Parallel tracking

maedoc · October 29, 2016, 4:00pm

I’ve been trying to bring down the run time on the streamline generation. Based on benchmarking with 4, 8 and 16 core Xeons, other things being equal, tckgen and tcksift appear to be main-memory bandwidth limited: the number of tracks selected per second is roughly maxed out after a few threads, irrespective of core count (though much slower clock speeds need another thread or so to saturate memory bandwidth).

I’ve had some success in further reducing runtime by partitioning the tckgen workload across multiple machines and concatenating the resulting files with tckedit before running tcksift, and apart from seeding the RNGs correctly, I can’t think of why this would be incorrect.

However, tcksift is also a big hog in terms of memory requirements, and I was wondering if it’s reasonable to tcksift the partitioned tractograms before concatenating them (or do 10x10M, SIFT each to 2M, concat to single 20M then SIFT to 10M?), or if the promises of SIFT are only realized when running on the full tractogram?

jdtournier · October 31, 2016, 2:29pm

Thanks for the detailed benchmarks. However, I’m not sure this has anything to do with main memory bandwidth. On any modern system, memory throughput is at least several GB/s - tckgen will only produce at most MB/s, I can’t see that being a problem. What might be a problem is cache misses and latency of data fetches from main memory, if the process is constantly requesting data from main memory that isn’t already in the on-board L2 or L3 cache (which I’m guessing will be at least 12MB on a Xeon), and which the CPU’s instruction optimisation engine hasn’t pre-fetched through its prediction algorithms. In my experience, it’s pretty hard to come up with situations where a modern CPU really stalls on that front (and I’ve tried…), and typically in this situation running more threads improves the situation somewhat (due to having more threads available to run when one of them stalls waiting for data). It’s much more common to find performance hits due to L1 cache misses (which is much closer to the CPU cores themselves), but I’d expect that would impact on the per-thread performance, not overall performance across threads.

What I think is more likely is that whatever commands you’re running entail very high thread contention: too many threads locking on shared resources at a very fast rate, and they all end up waiting for each other. This was definitely a problem for tcksift IIRC - not sure whether this is still the case. I’m not sure how that would be a problem for tckgen though - as far as I can reason, there’s nothing there that I wouldn’t expect to scale more or less linearly. The only thing I was thinking was dynamic seeding, but that now uses atomic operations, so shouldn’t have any issues dealing with high thread counts.

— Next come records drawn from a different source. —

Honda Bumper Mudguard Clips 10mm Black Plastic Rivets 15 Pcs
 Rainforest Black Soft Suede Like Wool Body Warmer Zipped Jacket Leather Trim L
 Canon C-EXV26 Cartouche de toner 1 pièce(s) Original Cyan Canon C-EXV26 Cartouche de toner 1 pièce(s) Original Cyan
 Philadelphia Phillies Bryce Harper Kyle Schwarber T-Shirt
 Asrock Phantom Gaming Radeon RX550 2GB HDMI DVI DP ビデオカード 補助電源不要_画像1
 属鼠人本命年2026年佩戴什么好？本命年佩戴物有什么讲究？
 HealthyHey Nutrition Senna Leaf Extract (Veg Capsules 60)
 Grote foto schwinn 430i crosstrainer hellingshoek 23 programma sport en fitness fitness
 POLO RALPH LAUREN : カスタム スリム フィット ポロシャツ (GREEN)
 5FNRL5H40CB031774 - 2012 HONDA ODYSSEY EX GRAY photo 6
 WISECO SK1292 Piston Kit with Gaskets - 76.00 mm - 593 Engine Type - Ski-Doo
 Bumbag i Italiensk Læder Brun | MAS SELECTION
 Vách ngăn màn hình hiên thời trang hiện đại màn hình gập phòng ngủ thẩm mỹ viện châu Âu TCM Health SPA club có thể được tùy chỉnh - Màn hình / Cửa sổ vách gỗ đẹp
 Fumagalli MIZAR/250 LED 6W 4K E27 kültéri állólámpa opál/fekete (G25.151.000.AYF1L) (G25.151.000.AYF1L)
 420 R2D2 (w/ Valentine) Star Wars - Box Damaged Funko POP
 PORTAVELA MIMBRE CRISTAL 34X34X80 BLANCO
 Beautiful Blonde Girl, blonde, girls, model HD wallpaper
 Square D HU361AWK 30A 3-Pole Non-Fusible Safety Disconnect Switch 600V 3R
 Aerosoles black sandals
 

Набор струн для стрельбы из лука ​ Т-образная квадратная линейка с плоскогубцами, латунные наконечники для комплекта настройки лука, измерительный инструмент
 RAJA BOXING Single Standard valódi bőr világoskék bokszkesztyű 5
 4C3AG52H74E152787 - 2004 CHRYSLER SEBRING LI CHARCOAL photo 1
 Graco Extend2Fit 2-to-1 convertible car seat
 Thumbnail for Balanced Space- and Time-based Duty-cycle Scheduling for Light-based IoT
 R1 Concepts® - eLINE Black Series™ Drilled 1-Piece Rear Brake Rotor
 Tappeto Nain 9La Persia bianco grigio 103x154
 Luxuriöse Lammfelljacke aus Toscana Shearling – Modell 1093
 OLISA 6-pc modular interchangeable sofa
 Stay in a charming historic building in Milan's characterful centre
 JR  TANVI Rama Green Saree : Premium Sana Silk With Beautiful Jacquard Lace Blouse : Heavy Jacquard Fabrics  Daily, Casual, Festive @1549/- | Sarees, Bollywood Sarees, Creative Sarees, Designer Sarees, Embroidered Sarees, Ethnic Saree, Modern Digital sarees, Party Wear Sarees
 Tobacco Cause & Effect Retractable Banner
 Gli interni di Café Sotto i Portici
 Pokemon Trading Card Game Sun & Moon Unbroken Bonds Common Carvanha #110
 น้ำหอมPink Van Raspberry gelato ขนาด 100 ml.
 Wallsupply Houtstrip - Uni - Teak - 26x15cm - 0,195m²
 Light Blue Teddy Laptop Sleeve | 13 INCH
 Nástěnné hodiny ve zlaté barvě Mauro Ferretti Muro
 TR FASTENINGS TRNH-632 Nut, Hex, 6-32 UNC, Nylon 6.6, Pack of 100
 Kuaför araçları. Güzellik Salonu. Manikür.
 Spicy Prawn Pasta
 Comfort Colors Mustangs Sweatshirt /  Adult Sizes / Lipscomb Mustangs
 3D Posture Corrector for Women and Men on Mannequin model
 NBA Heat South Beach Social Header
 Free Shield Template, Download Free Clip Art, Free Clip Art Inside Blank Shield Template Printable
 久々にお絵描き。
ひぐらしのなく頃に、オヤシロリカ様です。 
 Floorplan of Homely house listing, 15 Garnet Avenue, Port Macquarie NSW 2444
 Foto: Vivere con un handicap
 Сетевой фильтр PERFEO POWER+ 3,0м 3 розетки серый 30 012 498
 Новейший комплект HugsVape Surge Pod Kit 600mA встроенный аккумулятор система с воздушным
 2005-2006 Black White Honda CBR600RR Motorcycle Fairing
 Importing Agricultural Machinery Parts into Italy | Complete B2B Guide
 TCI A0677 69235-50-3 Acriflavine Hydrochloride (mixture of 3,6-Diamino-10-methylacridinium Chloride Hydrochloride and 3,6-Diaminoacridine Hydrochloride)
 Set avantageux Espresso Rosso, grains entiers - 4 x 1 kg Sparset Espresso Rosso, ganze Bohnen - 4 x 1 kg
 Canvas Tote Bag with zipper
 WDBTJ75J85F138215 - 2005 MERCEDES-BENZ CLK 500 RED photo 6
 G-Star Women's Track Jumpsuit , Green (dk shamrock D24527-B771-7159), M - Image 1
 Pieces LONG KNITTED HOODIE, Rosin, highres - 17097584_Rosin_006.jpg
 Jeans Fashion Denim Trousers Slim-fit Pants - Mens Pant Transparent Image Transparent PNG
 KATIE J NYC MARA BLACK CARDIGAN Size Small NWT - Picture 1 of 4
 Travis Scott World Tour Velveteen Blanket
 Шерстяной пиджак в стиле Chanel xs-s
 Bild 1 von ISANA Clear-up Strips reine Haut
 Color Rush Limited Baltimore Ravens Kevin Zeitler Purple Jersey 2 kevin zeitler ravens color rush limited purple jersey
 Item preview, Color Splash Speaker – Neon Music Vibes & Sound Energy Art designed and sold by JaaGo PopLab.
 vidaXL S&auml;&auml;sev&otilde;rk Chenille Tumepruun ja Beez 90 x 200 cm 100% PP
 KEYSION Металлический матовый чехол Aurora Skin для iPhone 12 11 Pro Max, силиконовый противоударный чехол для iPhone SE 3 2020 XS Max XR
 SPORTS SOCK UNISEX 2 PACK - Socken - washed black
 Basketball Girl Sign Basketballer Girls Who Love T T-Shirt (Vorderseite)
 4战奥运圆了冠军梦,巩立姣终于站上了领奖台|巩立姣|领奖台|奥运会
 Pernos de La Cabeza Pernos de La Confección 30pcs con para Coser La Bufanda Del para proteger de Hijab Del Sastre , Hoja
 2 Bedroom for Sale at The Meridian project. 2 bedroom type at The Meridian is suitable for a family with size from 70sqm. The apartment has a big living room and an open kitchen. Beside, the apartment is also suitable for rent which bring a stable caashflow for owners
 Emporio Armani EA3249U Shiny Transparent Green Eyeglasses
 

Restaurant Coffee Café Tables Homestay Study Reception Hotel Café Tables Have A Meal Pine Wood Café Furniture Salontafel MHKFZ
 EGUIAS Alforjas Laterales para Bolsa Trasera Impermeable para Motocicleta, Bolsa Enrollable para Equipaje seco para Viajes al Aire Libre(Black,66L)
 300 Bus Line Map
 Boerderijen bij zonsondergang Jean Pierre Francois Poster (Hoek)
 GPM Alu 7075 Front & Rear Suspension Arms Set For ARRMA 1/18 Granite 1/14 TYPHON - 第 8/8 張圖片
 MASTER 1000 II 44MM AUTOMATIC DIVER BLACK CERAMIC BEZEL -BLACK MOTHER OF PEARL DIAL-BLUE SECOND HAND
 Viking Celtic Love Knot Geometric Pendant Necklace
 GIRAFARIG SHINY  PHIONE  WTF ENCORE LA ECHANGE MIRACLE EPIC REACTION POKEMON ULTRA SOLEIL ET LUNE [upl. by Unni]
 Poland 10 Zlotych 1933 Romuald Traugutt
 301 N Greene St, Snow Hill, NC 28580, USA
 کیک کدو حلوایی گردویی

Maybe if you can share the exact commands that you were using, we might be able to look into it. Also, I’m assuming you’ve already checked that storage isn’t the bottleneck here either: if this is running on an already saturated networked filesystem for example, it wouldn’t be surprising to observe the kind of problem you’ve reported. Although the read/write rate for these applications really shouldn’t ever be that high that even a slow storage device couldn’t support it (unless it was accessed in synchronous mode, which would entail quite a bit more latency, I’m guessing…).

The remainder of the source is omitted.